LPO / Jurowski @ Royal Festival Hall, London

5 March 2016


Vladimir Jurowski(Photo: Vera Zhuravleva)

Vladimir Jurowski
(Photo: Vera Zhuravleva)

The London Philharmonic Orchestra and their principal conductor Vladimir Jurowski presented a programme of beguiling rarities, begging the question why they are not performed more often.In the case of Tchaikovsky’s Symphony No. 3 in D, the answer is simply that this 1875 work has been overshadowed by his three final mature symphonies. In his Third, Tchaikovsky grapples with his perennial problem of structure and development. The unusual inclusion of a fifth movement – the ‘Alla tedesca’ waltz, which comes second – can be explained by the fact that he was working on Swan Lake at the time, and its lilting balletic quality seemed to fit the bill. In the final movement – a fugue – the composer was at pains to prove that he could undertake complex writing, even if the end result is a little dry and academic. But in the three remaining movements we have some beautiful music that hints at the symphonies to come. The fine string and woodwind writing in the fourth movement resembles Mendelssohn’s A Midsummer Night’s Dream and was warmly realised by the LPO players. They also excelled in the wistful third movement. But it was in the opening Introduction and Allegro that Jurowski and his orchestra really peeled away the instrumental layers, exposing some wonderful woodwind and brass elements.

The unfamiliarity of Alexander von Zemlinksky’s Six Maeterlinck Songs can be put down to a serious neglect of this composer’s work. Less successful in his time than Mahler, and never part of the emerging Second Viennese School, Zemlinksky, like his contemporary Franz Schreker, has been shunted to the fringes of the post-Romantic movement. The brief but intense and exquisitely orchestrated Maeterlinck songs had a notable champion in mezzo-soprano Anne Sofie von Otter. Although she sounded overwhelmed by the orchestra in the first song, The Three Sisters, her audibility and strength of delivery picked up in the rest of the cycle. There was a more equal balance between voice and orchestra in the fifth, achingly expressive song, And should he return one day, with its delicate use of harp, celeste and glockenspiel, and in the final, ambiguous, She came towards the castle.

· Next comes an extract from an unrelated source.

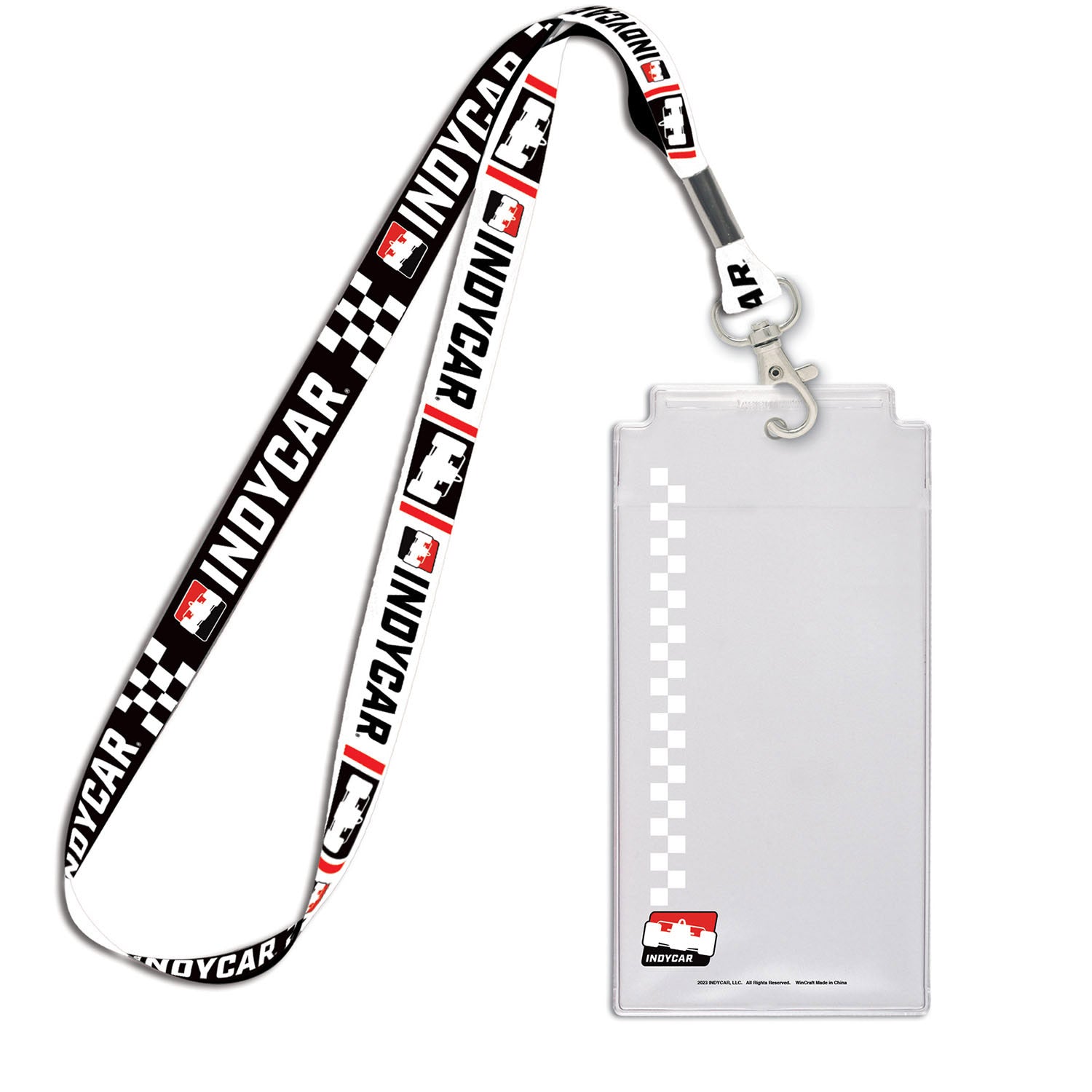 NTT INDYCAR SERIES Credential Holder & Lanyard Set in black, red and white - front view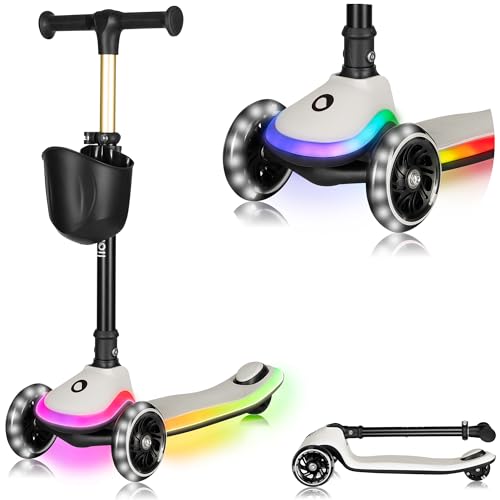 LIONELO MEY Scooter de equilíbrio para crianças de 3 anos a 50 kg, scooter infantil skate de 3 rodas com ajuste de altura, plataforma antiderrapante iluminada e rodas LED, cesta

Karol Szymanowski’s Stabat Mater (1929) rarely gets a hearing because of its monumental size and relatively short duration. The fact that the text is in Polish (although a Latin text exists) also makes it a challenge to perform convincingly. The LPO and Chorus were fortunate in having two fine singers for the principal solo parts – soprano Elżbieta Szmytka and baritone Andrej Dobber, who were joined by Anne Sofie von Otter for the smaller mezzo part. The LPO Choir seemed to manage the language well, and they brought power and authenticity to the music. The hushed, quietly devotional, fourth movement was sung with the kind of ‘peasant’ simplicity that Szymanowski intended, while the fifth movement thundered forwards with an apocalyptic urgency. All three soloists, chorus and orchestra were united in the final section, with its tender, but troublingly ominous, message of resignation and acceptance.